Bank of Korea pushes bank-led won stablecoin amid Digital Asset Act delays
In brief
- Bank of Korea submitted materials to lawmakers calling for bank-led stablecoin issuance and statutory safeguards.
- Deposit token pilots are advancing, with expansion planned for H2 2025.
- Issuer disagreements have delayed South Korea's digital asset legislation.
Bank safeguards and issuer control
The Bank of Korea called for safeguards including priority issuance by bank-led consortiums and a statutory policy body to oversee stablecoin operations. The central bank also wants banks to retain majority ownership of stablecoin issuers, a position that has divided policymakers and industry groups in Seoul.
This stance has become a flashpoint.
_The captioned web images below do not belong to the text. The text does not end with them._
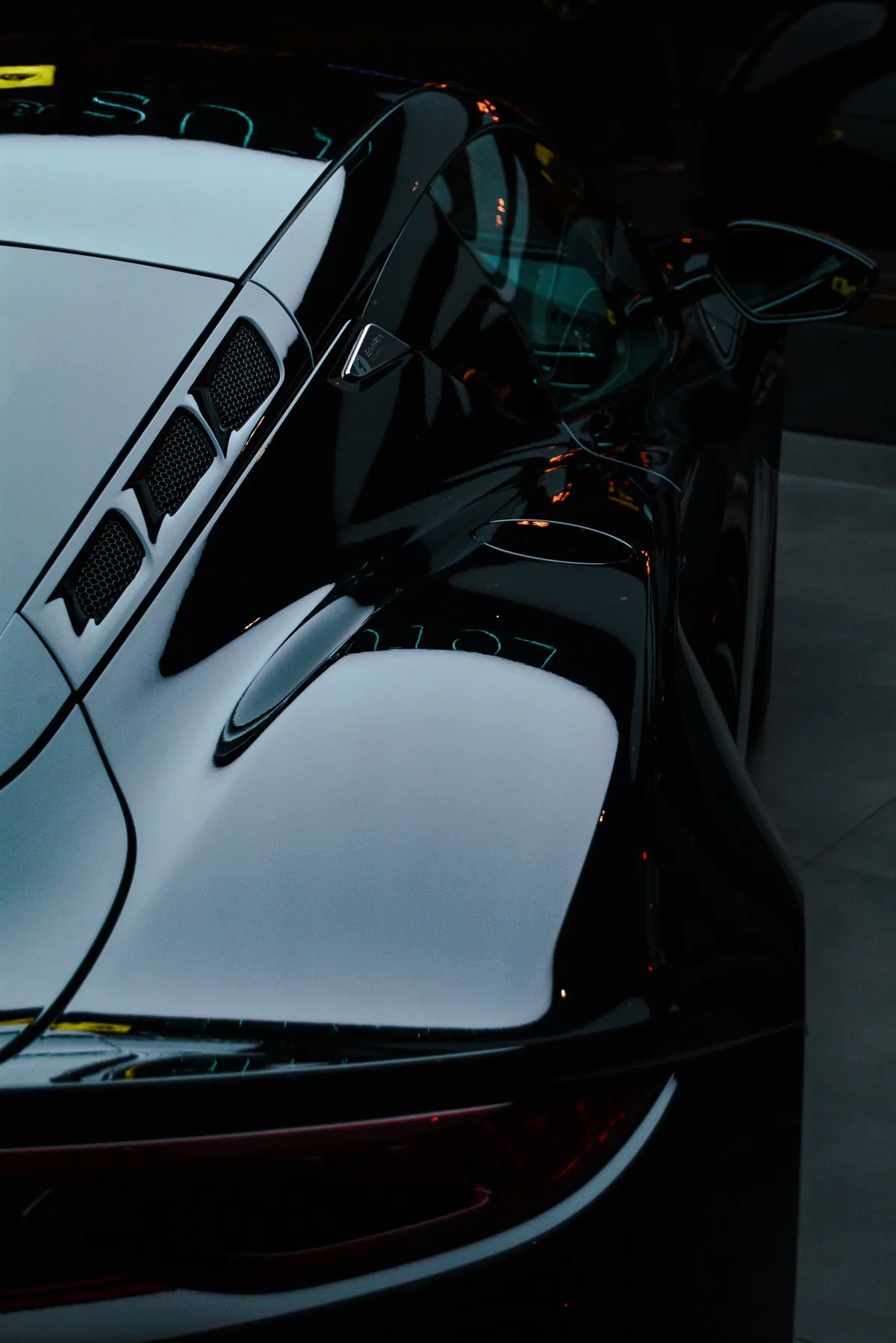 Reflections across the glossy black body of a sports car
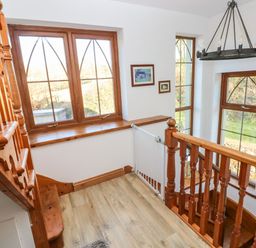 A staircase landing with wooden banisters and window frames and multiple windows showing an outdoor view at Nant Moel Isaf Farm in Rhydyfro near Pontardawe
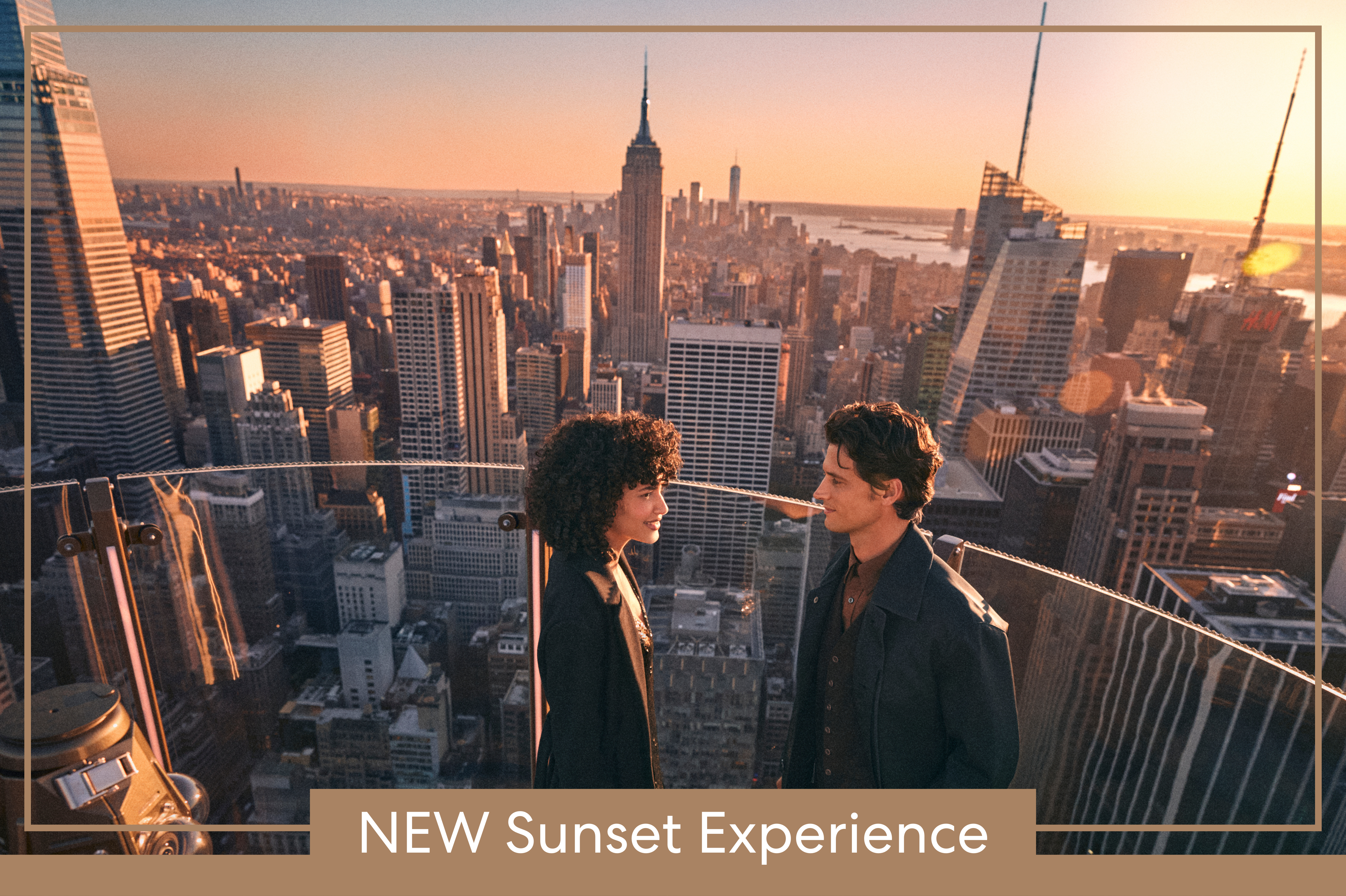 a couple looking at each other with the sunset skyline behind them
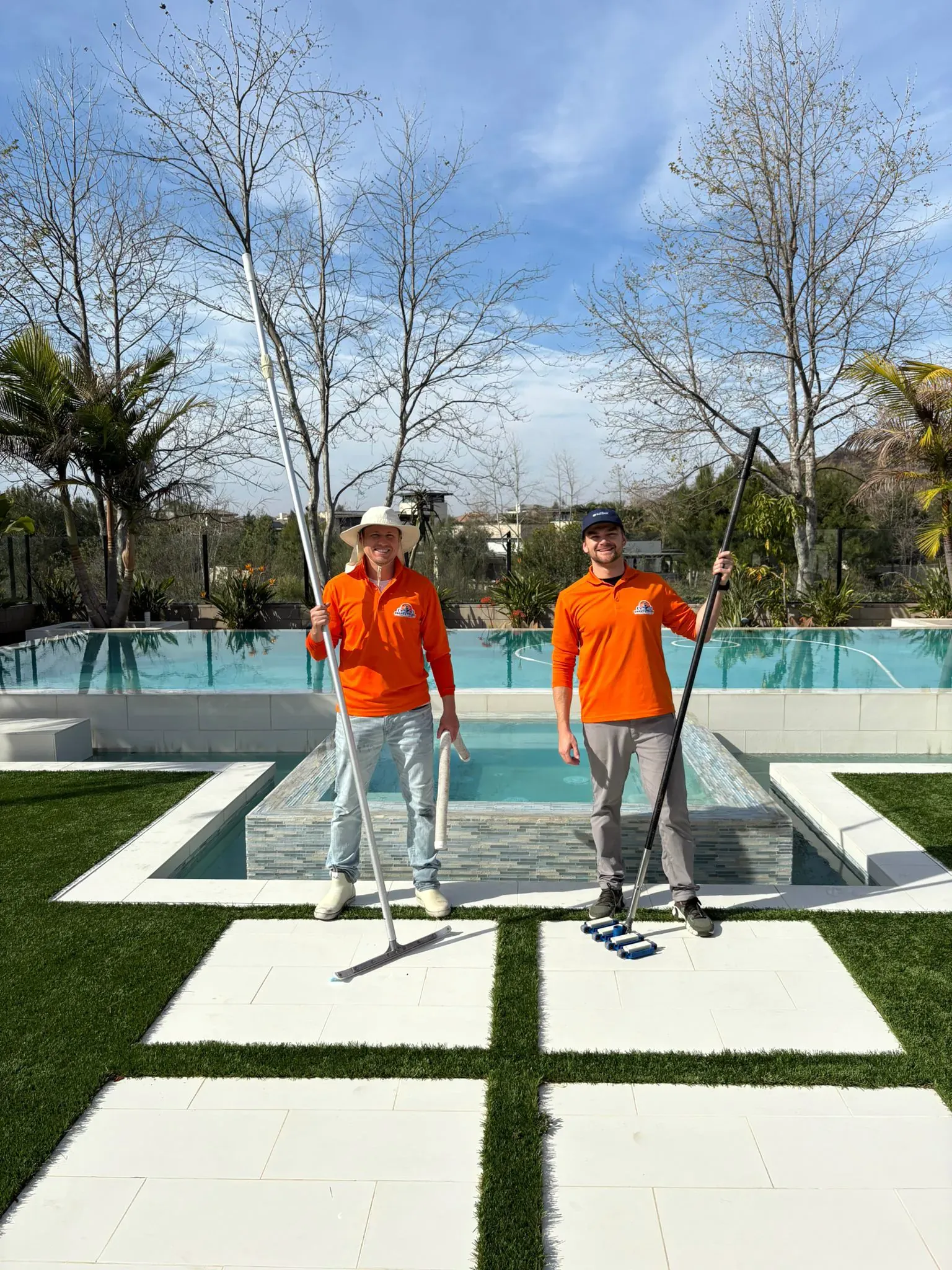 Two technicians holding cleaning poles beside a modern backyard pool and spa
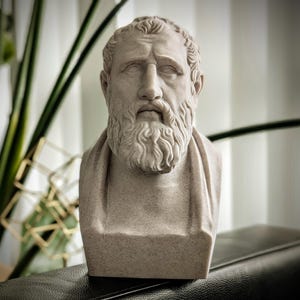 May include: A stone-coloured bust of a bearded man with a serious expression. The sculpture features detailed facial features, including a prominent nose and a full beard. The bust is set against a blurred background with greenery.
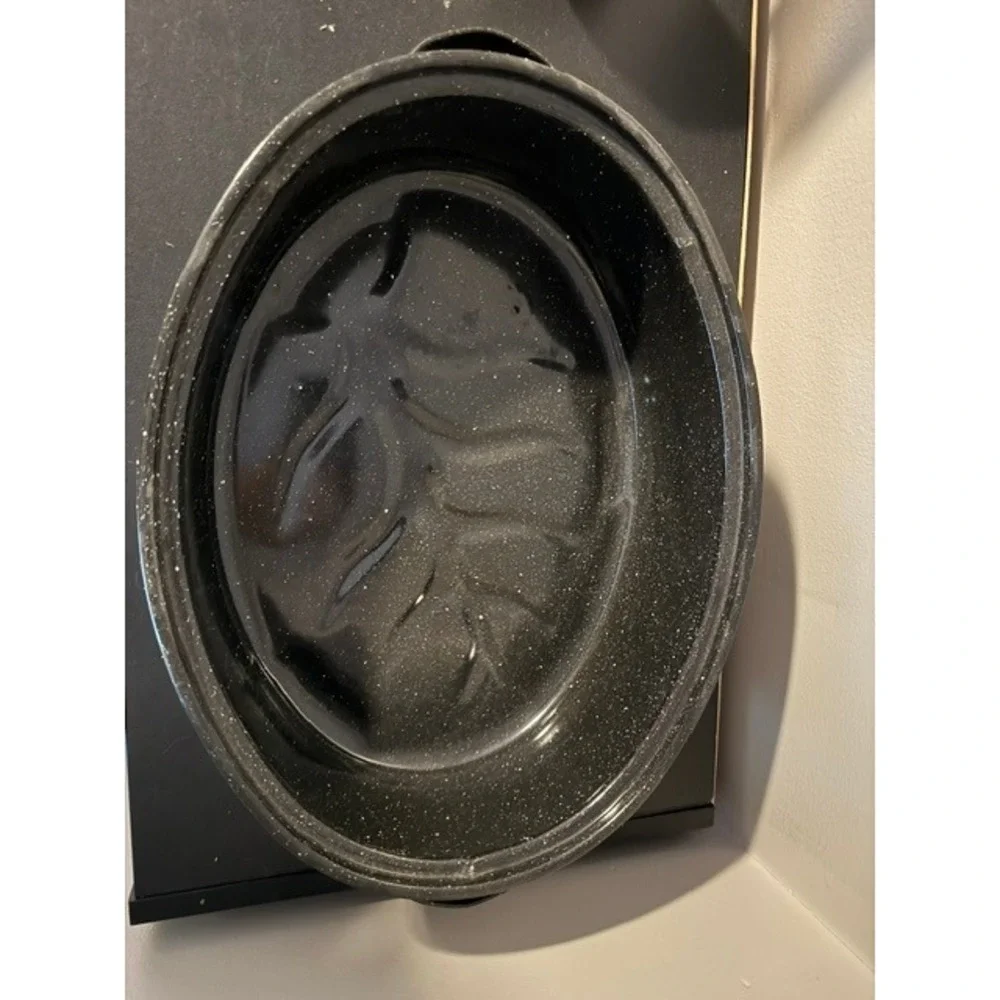 Granite Ware 15-inch oval roaster pan with a lid, speckled black enamel finish.
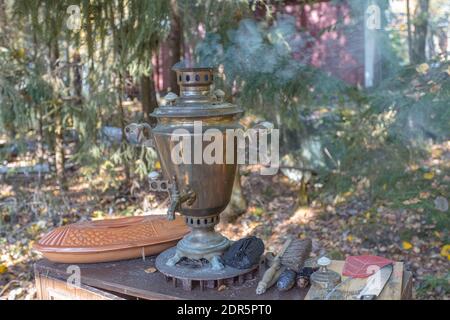 Samovar vintage, récipient en métal pour faire bouillir l'eau et faire du thé. L'eau est chauffée par un foyer intérieur, qui est un grand tuyau rempli de charbon de bois. Se dresse sur la véranda, sur fond de forêt. Photo de haute qualité Banque D'Images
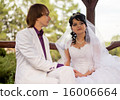 Couple love bride and groom posing sitting on wood 16006664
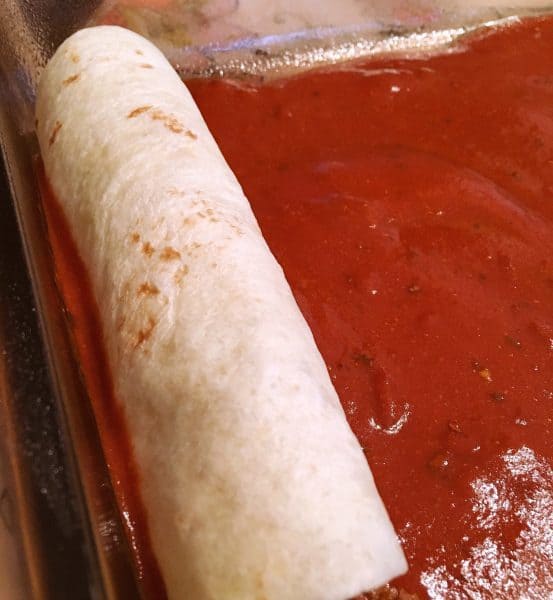 Placing Enchiladas in baking dish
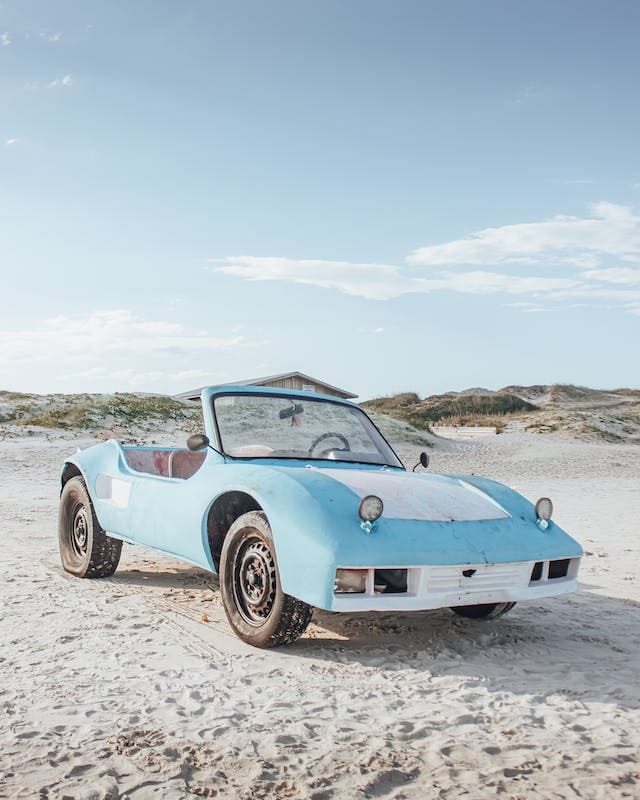 Featured image for "Best Synchromesh Transmission Fluid" blog post. Car on beach.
The disagreement over issuer rules is a core reason South Korea's Digital Asset Basic Act has stalled, with no consensus yet on whether stablecoin issuers should be bank-led. In April, the ruling Democratic Party proposed putting stablecoins and real-world assets under existing financial laws, but the broader framework remains unresolved.
Deposit tokens and CBDC momentum
While stablecoin rules languish, deposit tokens are gaining traction. Deposit tokens are digital tokens that represent commercial bank deposits, and the Bank of Korea plans to continue developing use cases in the second half of the year. The government is also moving forward: South Korea's Ministry of Economy and Finance announced a pilot to use tokenized deposits for government operational spending, signaling real-world deployment momentum.
In April, BOK Governor Hyun-Song Shin expressed support for deposit tokens and central bank digital currencies, suggesting the bank sees these tools as complementary to its stablecoin vision. The government initially aimed to finalize the Digital Asset Basic Act by the first quarter of 2026, though the timeline has slipped amid geopolitical tensions, local elections, and delays in reorganizing the Assembly's committee structure.
The outcome will shape South Korea's crypto ecosystem for years. If the central bank's bank-led model prevails, it could limit competition among issuers. If broader frameworks emerge, startups and fintech firms may gain footing alongside traditional banks.